Falar das primeiras paixões de pré-adolescente agora é muito fácil, o que pode me trair é a memória, pois já se passaram alguns anos. Dona Creusa, a professora Creusa – não era costume chamá-la de tia – quantos coraçõezinhos não perturbava. Ficávamos quietos esperando sua entrada em sala de aula. Todos se levantavam, em respeito à professora, os meninos, em respeito àquela que era a professora mais bonita do colégio. Hoje, gostosa! O adolescente percebe isso facilmente. Pele e cabelos bem tratados. Usava sempre vestido justo e colorido, que conformava seu corpo esculturalmente. Uma deusa, travestida de professora. Também aguçava o nosso imaginário comparando-a às mulheres habitantes das casas de luz vermelha, localizadas na Praia de Iracema, posteriormente demolidas para o bem da moral e dos bons costumes.

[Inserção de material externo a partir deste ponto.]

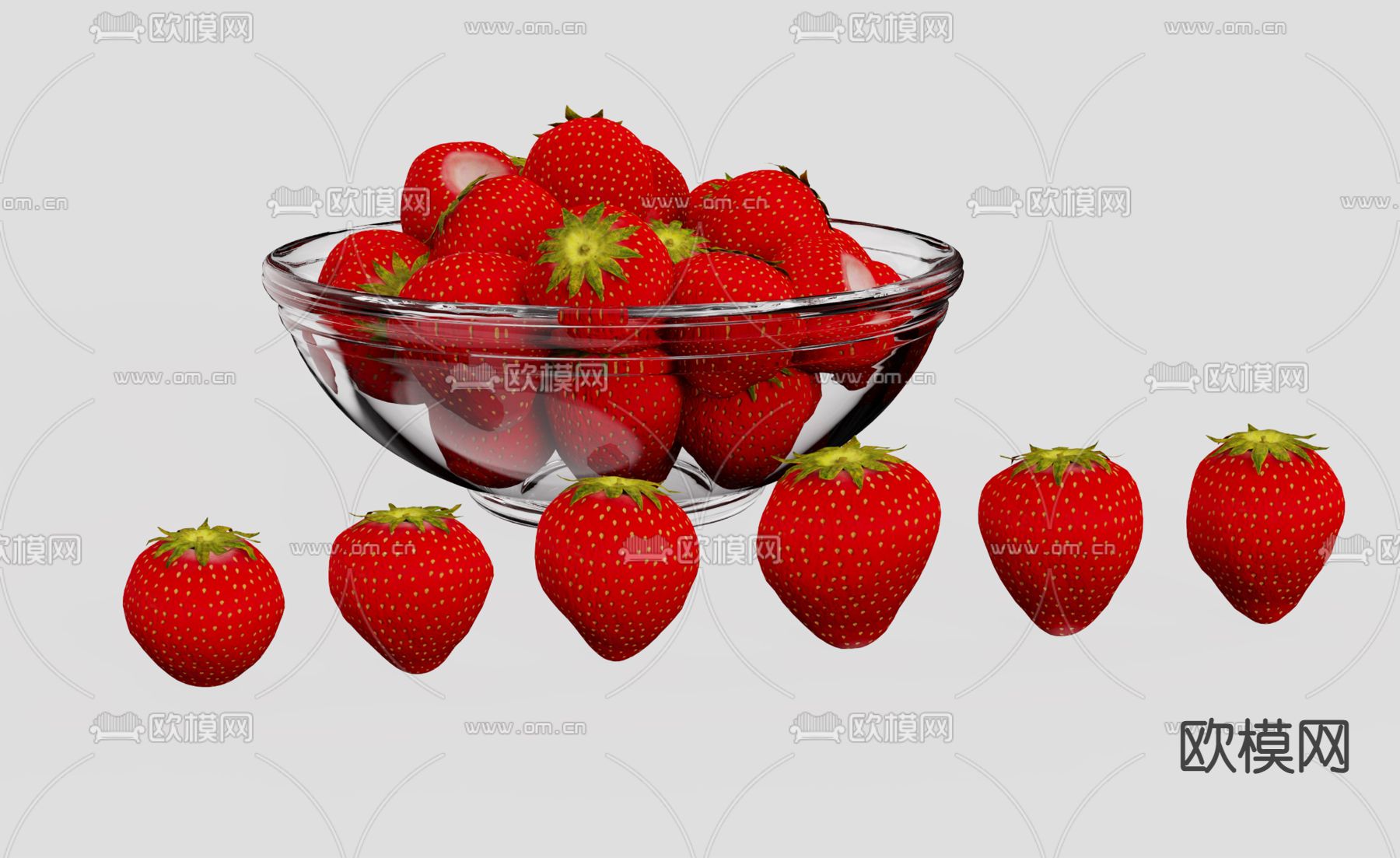 草莓su模型下载（渲染图1）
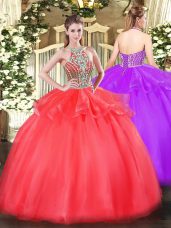 Coral Red Tulle Lace Up Quinceanera Dresses Sleeveless Floor Length Beading and Ruffles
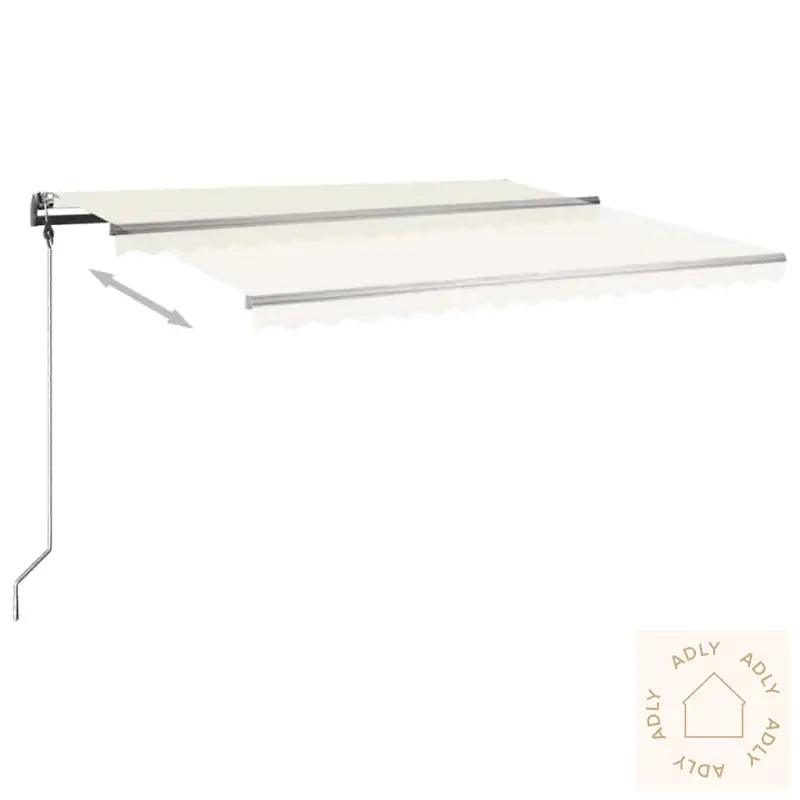 Frittstående Manuell Uttrekkbar Markise 400X300 Cm Kremhvit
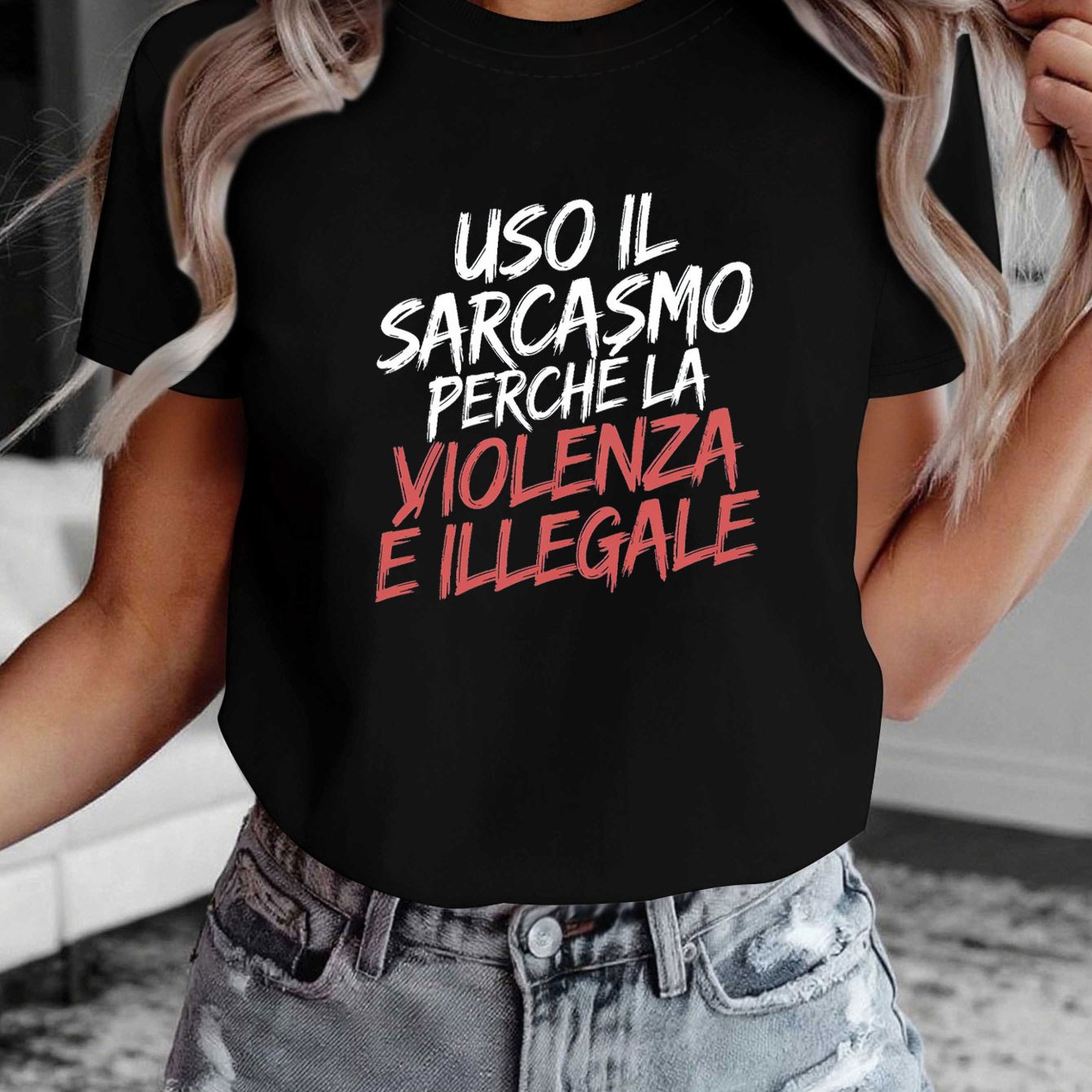 TEMU Plus Size, Women's Plus Size Italian Sarcasm T-shirt " Sarcasm Violence Is Illegal" Funny Statement Top - Italian Print Short Sleeve Crew Neck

Brigávamos para ocupar as primeiras cadeiras, embora as meninas sempre ocupassem a maioria delas, chegavam muito cedo à sala de aula. Quem fazia esforço para chegar primeiro, procurava sentar-se bem em frente da mesa da professora. Um sortudo! Durante toda a aula se percebia o ar de contemplação marcado nos rostos dos meninos, mesmo que estes procurassem disfarçar tal comportamento. Dona Creuza parecia se deliciar com a atitude e o interesse dos meninos por sua aula. Ela passeava por entre as filas de cadeiras com desenvoltura, parecia desfilar em passarela para misse, título bastante cobiçado pelas garotas daquela época, principalmente as que já haviam completado dezoito anos de idade. Um mundo maravilhoso e encantado era o prêmio. Mas nossa professora já alcançara os 28 anos de idade, impróprios para uma candidatura a misse. Minha musa jamais seria misse, e isso me deixava satisfeito, pois ela continuaria ensinando no colégio, eu passaria para os anos seguintes, mas ela estaria lá, para vê-la era só passar pela porta do segundo ano primário. Eu fiz isso várias vezes, até completar meus dezoito anos de idade.

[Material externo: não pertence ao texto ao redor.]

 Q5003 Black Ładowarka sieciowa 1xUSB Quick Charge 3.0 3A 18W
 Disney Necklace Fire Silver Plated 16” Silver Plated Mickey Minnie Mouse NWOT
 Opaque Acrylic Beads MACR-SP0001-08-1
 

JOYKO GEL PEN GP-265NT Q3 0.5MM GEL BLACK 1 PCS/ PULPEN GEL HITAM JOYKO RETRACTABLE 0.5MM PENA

No mesmo colégio, no mesmo período eu tive outra paixão. Cristina, pele cor de mel, cabelos idem, olhos verdes, tipo mignon, não tão formosa e bela como dona Creusa, porém, muito agradável e mais nova, disputadíssima pelos garotos de mais idade. Ela sabia disso e cultivava esse fetiche junto da garotada. Ela os usava em seu benefício; aos colegas pedia cola durante as provas e ajuda na elaboração de seus trabalhos escolares. A mim, que dela, procurava sempre estar próximo de ela, cabia conseguir manga verde para ela comer com sal durante o recreio. O sal vinha de casa e as mangas tiradas do mangueiral que ocupava a parte de trás do terreno do colégio. Lembro-me muito bem da satisfação que sentia quando ela agradecia, com sorriso largo e encantador, pela manga recebida. Era a recompensa pelo perigo que eu passava ao subir àquelas árvores altas e antigas, com seus galhos frágeis prestes a cair por um peso a mais.
Também tinha o bedel, o funcionário encarregado do comportamento dos alunos. Alguém nas mangueiras era levado prontamente para a diretoria, podia até ser uma suspensão de dois dias, caso este alguém fosse apanhado subindo às árvores. Eu nunca fui apanhado, graças a Deus.
Estes fragmentos de minha vida me fazem reviver com saudade os tempos idos de minha adolescência, da inocência daqueles tempos, do bucolismo de minha cidade, da vida natural que levávamos, sem malícia; puros, ingênuos, que o tempo, a ganância, a permissividade, a tolerância apagaram do comportamento do adolescente atual.